Vanden Brook would like propaganda to cover a lot of common ground.  He wants it to describe all  of what the military communicates in theater operations to be described as propaganda. But here the differences are important. Like too many policymakers, practitioners and journalists before him, Vanden Brook confuses MISO and Information Operations. MISO is primarily concerned with “foreign audiences” – that is, the civilian population. Infoops, when not also including all the other tools of information warfare (including network warfare, electronic jamming, military deception and the like), is specifically targeted against enemy forces. So: is a MISO campaign to warn civilians of unexploded ordinance propaganda? Is an infoops leaflet urging enemy insurgents to join the government militia propaganda? Is a public affairs radio broadcast encouraging voter turnout propaganda?

It should be noted that beyond the doctrinal confusion – the Joint Manual insists that MISO must work with Public Affairs, whose entire credibility relies on truth, but can also engage in military deception, like Infoops – this gets hopelessly tangled in the complex environment of modern operations, particularly in counterinsurgency. In peacekeeping, stability operations, and counterinsurgency, there is simply no neat division between civilian and combatant, so there is no functional difference between MISO and Infoops. The unfortunate fact that MISO and Infoops sound so much alike in name just adds to the confusion.

But throwing it all into a box and slapping on the propaganda label doesn’t help. I am sympathetic to the journalist and editor who need a simple, demotic vocabulary to describe these confusing, even subtle, distinctions to the public in readily accessible prose. But in this case, propaganda is more inflaming and obscuring than clarifying. It doesn’t explain what the military is doing in these difficult, often treacherous, environments. “Propaganda” doesn’t describe anything. It characterizes.

The solution is better reporting and better writing. By showing what soldiers, Marines and Airmen do on these operations, and their intended effect, good journalism could even help clarify the confusion about the fundamental difference between Infoops and MISO. I’ve read about some activities that look like public diplomacy, and I’m not entirely clear on how public affairs fits into complex counterinsurgency or stability operations environments, either. None of this fits neatly under the rubric “propaganda,” nor should it. And to try to do so entirely misses the point.

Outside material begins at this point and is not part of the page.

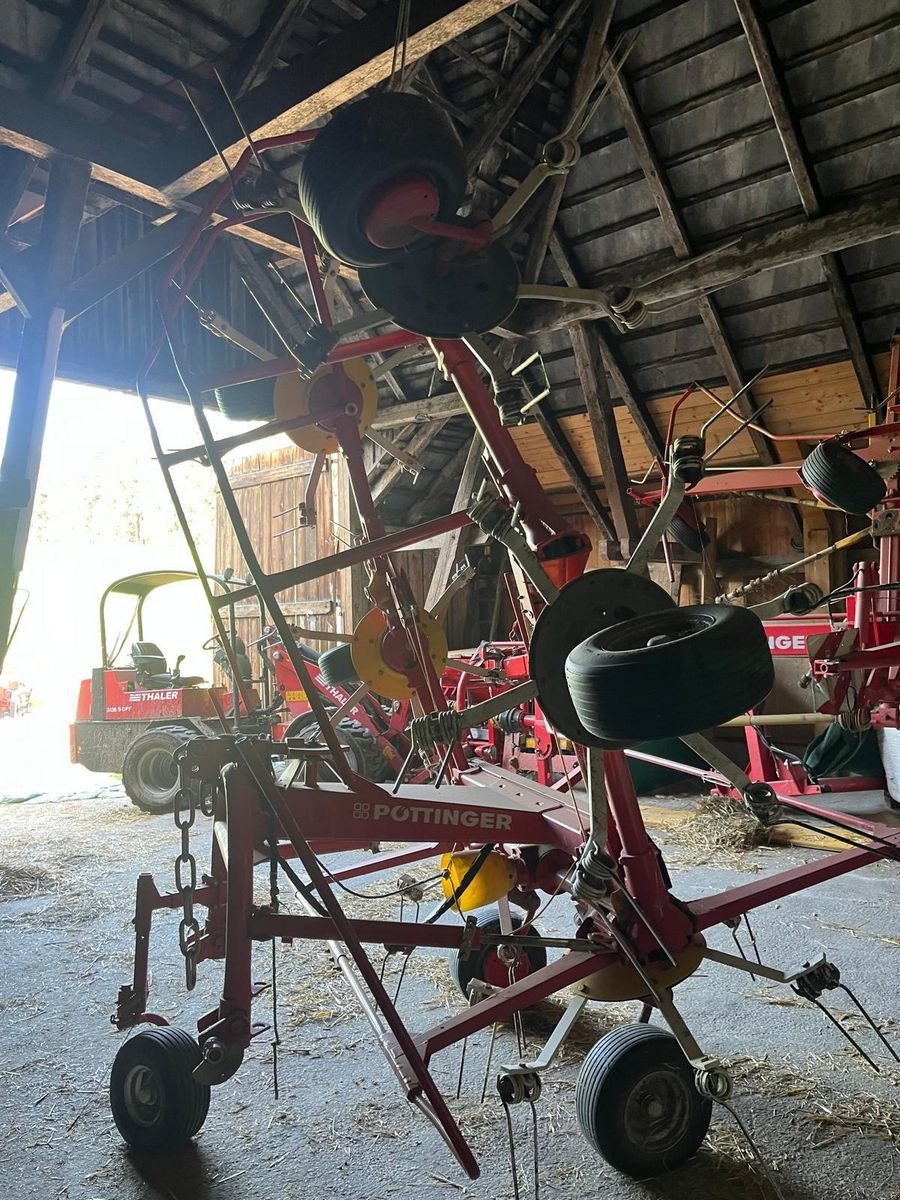 Kreiselheuer des Typs Pöttinger HIT 69 N, Gebrauchtmaschine in Grünbach (Bild 3)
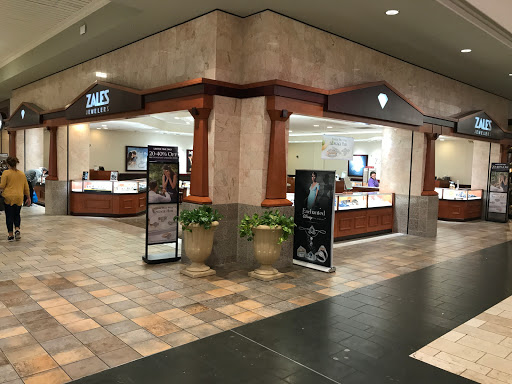 Jewelry Store «Zales - The Diamond Store», reviews and photos, 6020 82nd St, Indianapolis, IN 46250, USA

Because if Vanden Brook had read his theory, he’d know that the stakes couldn’t be higher: David Petraeus wrote in his seminal counterinsurgency manual that the information operations “[logical line of operations] LLO may often be the decisive LLO.” Theorists from Clausewitz to David Galula wrote about the importance of the strategic struggle for information, public opinion and perception. Wars have been fought and lost over this ground for centuries. Many have argued it is at least as important as the combat itself.

I have written extensively and in depth about the doctrinal, operational and theoretical problems of propaganda and the operational communications community in my forthcoming book on public diplomacy. I hope this short article and my book provide the opportunity to untangle and redevelop the tools necessary to communicate in the complex and dangerous tactical environments we will no doubt face in the years ahead.